Using methods that seem inspired by Frankenstein and Jurassic Park, scientists have reconstructed the entire DNA sequence of the ancient microbe responsible for the Black Death, the plague that killed half of Europe’s population between 1347 and 1351.
Using bits of the bacterium Yersinia pestis plucked from the teeth of four well-preserved skeletons of plague victims excavated from London’s East Smithfield cemetery in the 1980s, an international team of researchers found that the medieval microbe has nearly the same genetic code as modern strains of the bacterium. The scientists found no evidence that genetic mutations helped the 14th century strain of Y. pestis notch such a massive death toll.
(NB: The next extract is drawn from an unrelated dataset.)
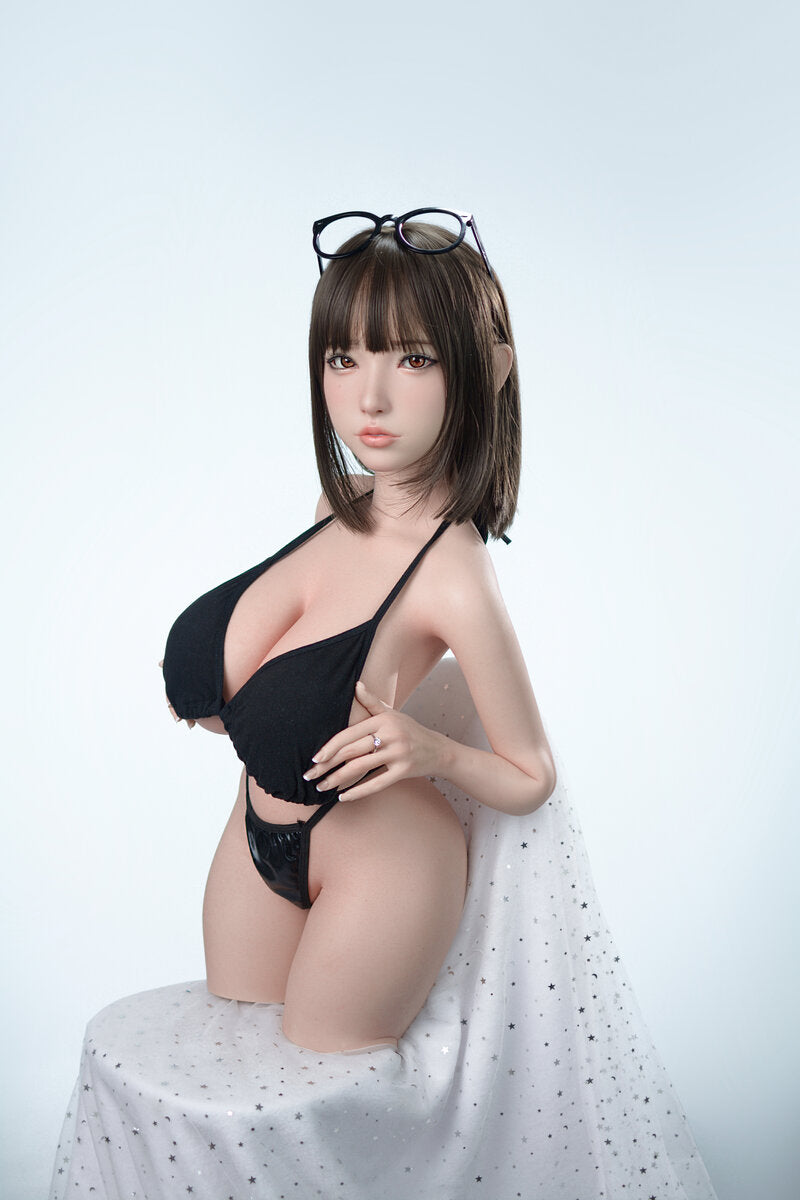 Xiaoyue Torso Sex Doll (FUDoll 80cm H-Cup Silicon)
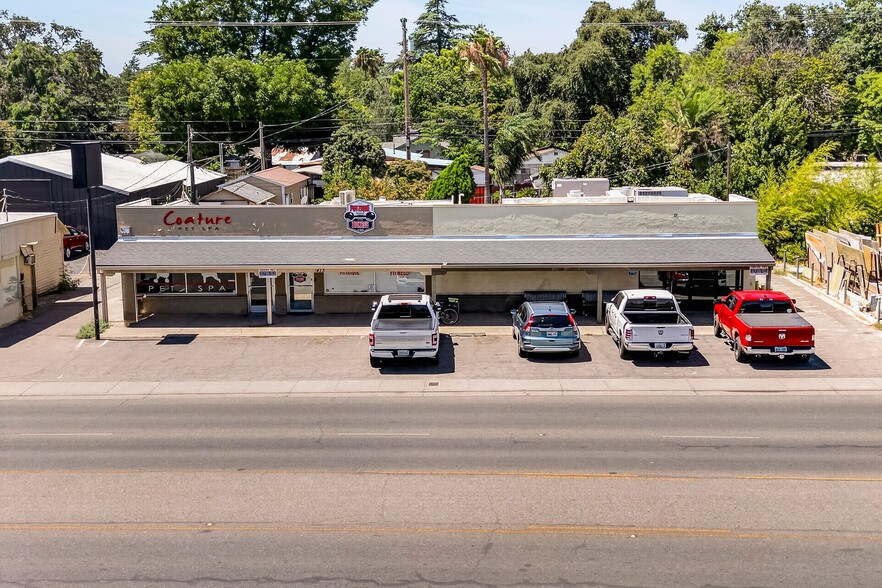 More Photos Of 1413-1417 Mangrove Ave, Chico General Retail For Sale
“As to why this killed so many people across Europe in 1348, there is no particular smoking gun,” says geneticist Hendrik Poinar of McMaster University in Ontario, Canada, a member of the international team of anthropologists and evolutionary geneticists who published their findings online October 12 in Nature.
Instead, a variety of non-genetic factors that are difficult to
control most likely helped the infectious disease spread and made it
more lethal. “The climate was beginning to dip,” says Poinar. “It got
very cold, very wet very quickly.”
More rain meant less food for
people who were already poorly nourished. Crowded cities also played
host to millions of rats, which provided the fleas that carry
Y. pestis a
warm — and mobile — home. Weakened by hunger and stressful living
conditions, medieval Europeans’ immune systems weren’t prepared to fight
off the rodent-borne pathogen.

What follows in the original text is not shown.